Mais selon moi la plus édifiante : c’est qu’en matière de politique, il faut du débat, de l’échange, de l’interaction, de la mixture, sinon la société se divise en strates séparées.« Même le kykeon se désagrège s’il n’est pas agité », disent les disciples d’Héraclite. Autrement dit : quand la politique ne prend pas en charge le dissensus, ne l’organise pas en un débat où les idées circulent librement et sincèrement, alors la société se fracture. Et cela ressemble à ce que nous vivons aujourd’hui.
> Pourtant, on ne peut pas vraiment dire que l’époque manque de débat
Eh bien peut-être que si. Il y a deux façons pour que le débat n’ait pas lieu ou alors en mode dégradé. La première, c’est d’interdire certaines opinions. Ça, c’est la méthode totalitaire, la méthode « URSS » on va dire. Et puis il y a le fait de remplacer le débat par quelque chose qui lui ressemble, mais qui en vérité tient plus de l’invective, des menaces, de l’intimidation, et de l’affrontement entre camps sectaires. Une sorte de ball-trap permanent. Quand, en plus de cela, certains sujets ou thèmes de débat sont retirés du champ politique pour en faire des questions morales où l’émotion et l’indignation règnent en maîtres, eh bien, vous obtenez qu’il est de plus en plus difficile d’avoir une parole franche et sincère, sans craindre la tempête ou l’excommunication.

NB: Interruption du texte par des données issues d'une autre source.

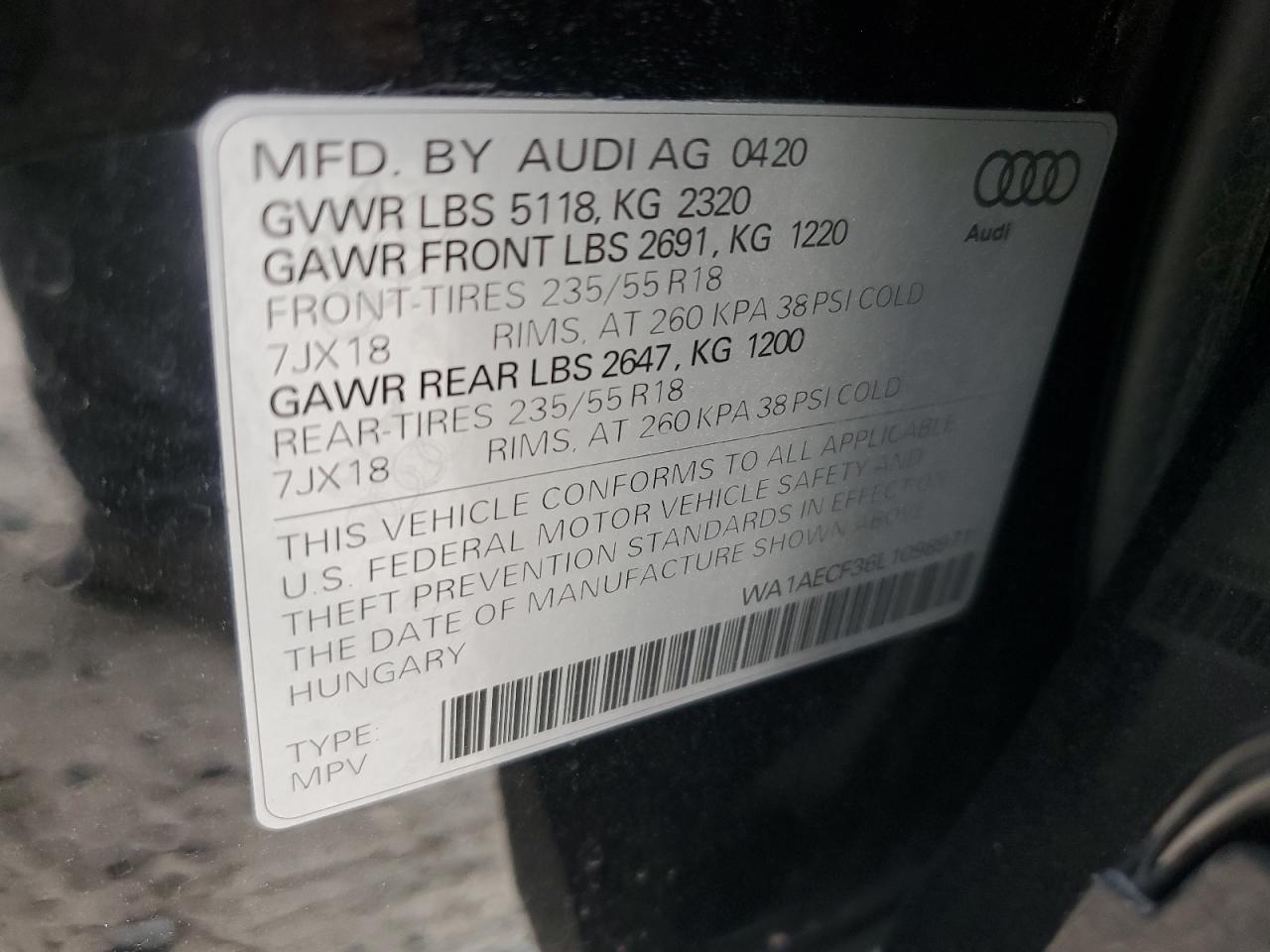 WA1AECF36L1098971 2020 Audi Q3 Premium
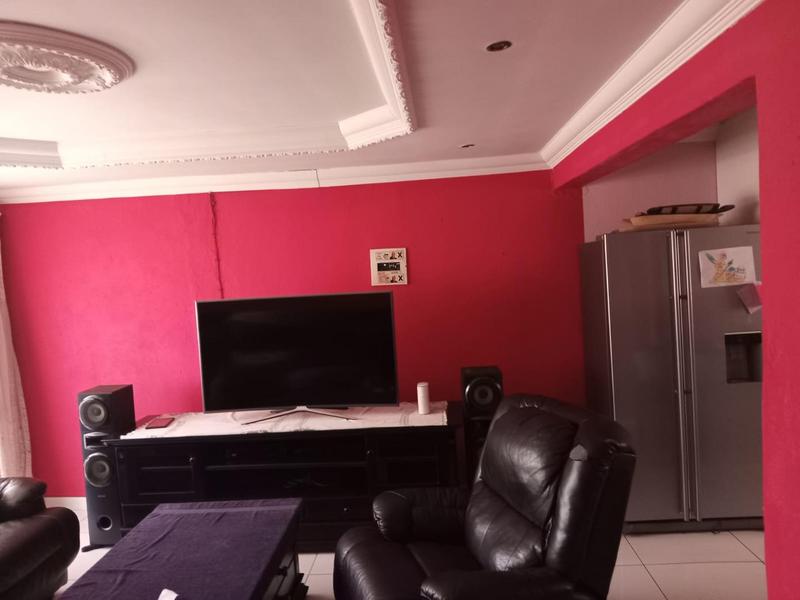 2 Bedroom Property for Sale in Ililiba Gauteng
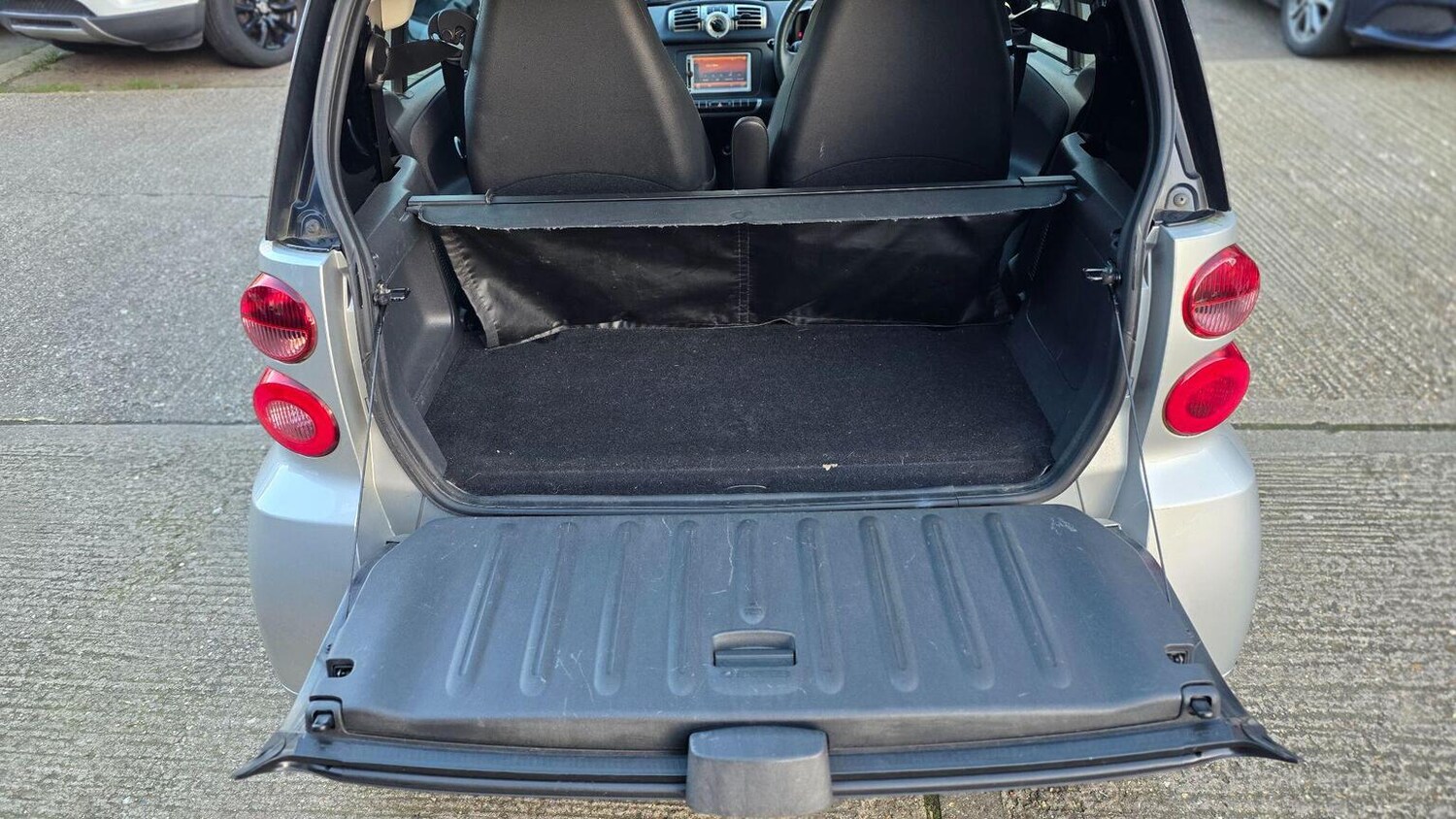 Used smart fortwo 2011 for sale - 77915659: Photo 16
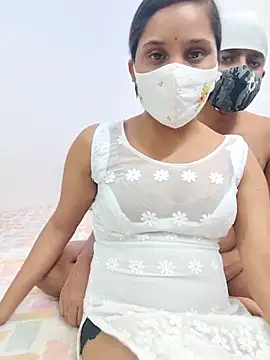 Snapshot of Miss_Riya20 chatting on April 2026 04:43:02 PM Miss Riya20 online show from April 2026 04:43:02 PM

Bientôt, le débat public sera le domaine réservé des polémistes en mal de buzz, et des prudents qui ne disent pas ce qu’ils pensent, mais ce qu’ils pensent pouvoir dire ou devoir dire – en gros : qui ne disent rien et que plus personne n’écoute. D’ailleurs, de manière générale, les Français se détournent du débat public. Non seulement en ne l’écoutant plus, mais aussi, en renonçant eux même à toute conversation citoyenne. De plus en plus, ils se résignent à une société de messes basses, où l’on ne se parle plus qu’au sein de « safe space » familiaux ou amicaux, c’est-à-dire de bulles sécurisées. Attention : « Même le Kykeon se désagrège quand on ne l’agite pas ». 2500 ans après Héraclite, sa leçon silencieuse vaut toujours.